The ability to generate a minimum tax credit depends on why you were subject to the Alternative Minimum Tax in a prior year. The tax code distinguishes between two categories of items that trigger the AMT: “deferral items” and “exclusion items.” The minimum tax credit is only created from the AMT paid on deferral items.
Deferral items represent timing differences and do not cause a permanent increase in your total taxable income over time. A common example is the exercise of an incentive stock option (ISO), where the gain is included in AMT income before it is for regular tax. Other deferral items include certain depreciation adjustments and income from specific long-term contracts.
In contrast, exclusion items create a permanent difference between your regular and alternative minimum taxable income. Examples include the standard deduction, certain tax-exempt interest from private activity bonds, and the deduction for state and local taxes. Because these items are permanently disallowed under AMT rules, the tax paid on them does not generate a credit.
Determining your available minimum tax credit is a process detailed on Form 8801, Credit for Prior Year Minimum Tax. The calculation begins with any unused credit carried forward from previous years. This amount represents the cumulative credit you have generated but not yet been able to use.
Your ability to use this credit is subject to a limitation. The credit you can claim is restricted to the amount by which your regular tax liability is greater than your tentative minimum tax for the current year. This means you can only use the credit to the extent that it does not push you back into an AMT position.

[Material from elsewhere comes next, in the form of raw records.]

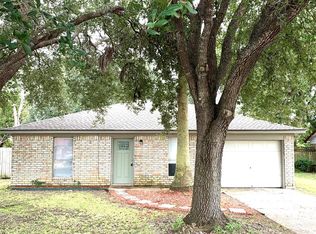 5123 2nd St, Danbury, TX 77534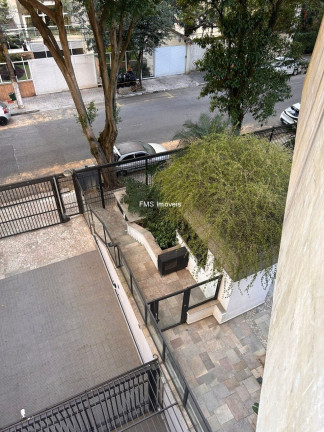 Imagem Imóvel com 4 Quartos à Venda, 220 m² em Campo Belo - São Paulo Imagem Imóvel com 4 Quartos à Venda, 220 m² em Campo Belo - São Paulo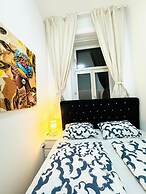 Affordable 5BR Apt Near Atzgersdorf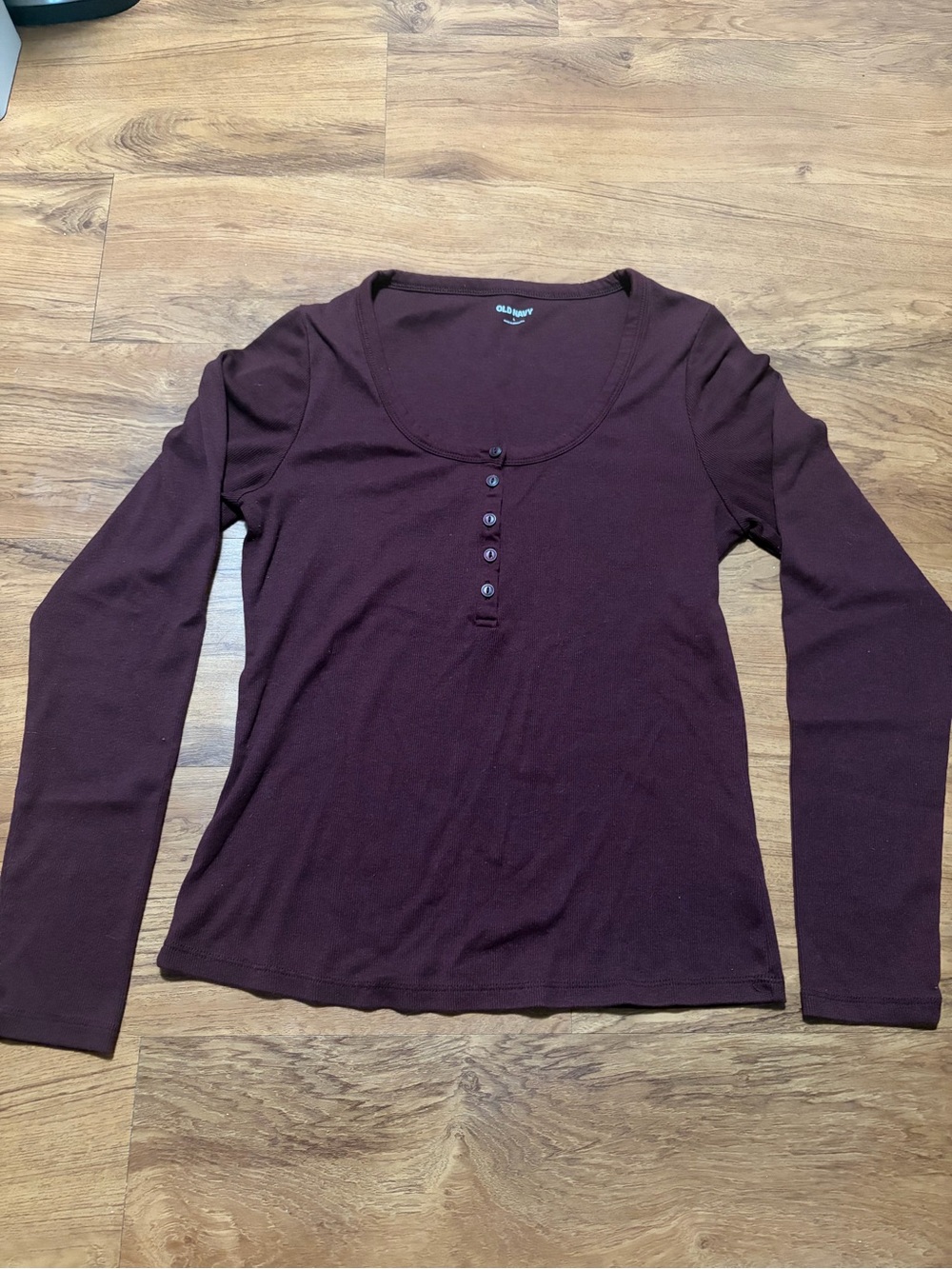 Old Navy long sleeve scoop neck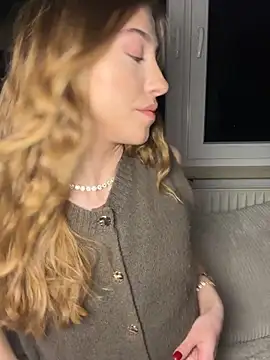 romyxxs online show from March 2026 09:32:02 PM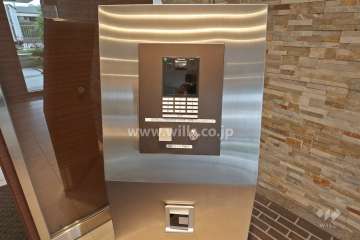 エントランスはオートロック付き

If you cannot use the full credit amount due to this limitation, the unused portion is not lost. Any remaining credit is carried forward indefinitely to subsequent tax years. You can apply this unused credit in future years when your regular tax is sufficiently higher than your tentative minimum tax.
A provision from the Tax Cuts and Jobs Act (TCJA) temporarily made a portion of the minimum tax credit refundable. This rule was for individuals with long-term unused credits, allowing them to receive a refund even if they had no regular tax liability to offset.
For tax years 2018 through 2021, the rules allowed eligible taxpayers to claim a refundable credit equal to 50% of their long-term unused minimum tax credit carryforward. Any remaining credit from those years would then become fully refundable in the final year of the provision.
These special rules making the AMT credit refundable have expired. The TCJA provisions were temporary and do not apply to tax years after 2021. The credit has reverted to its nonrefundable status, meaning it can only be used to offset your regular tax liability, and any unused amount is carried forward.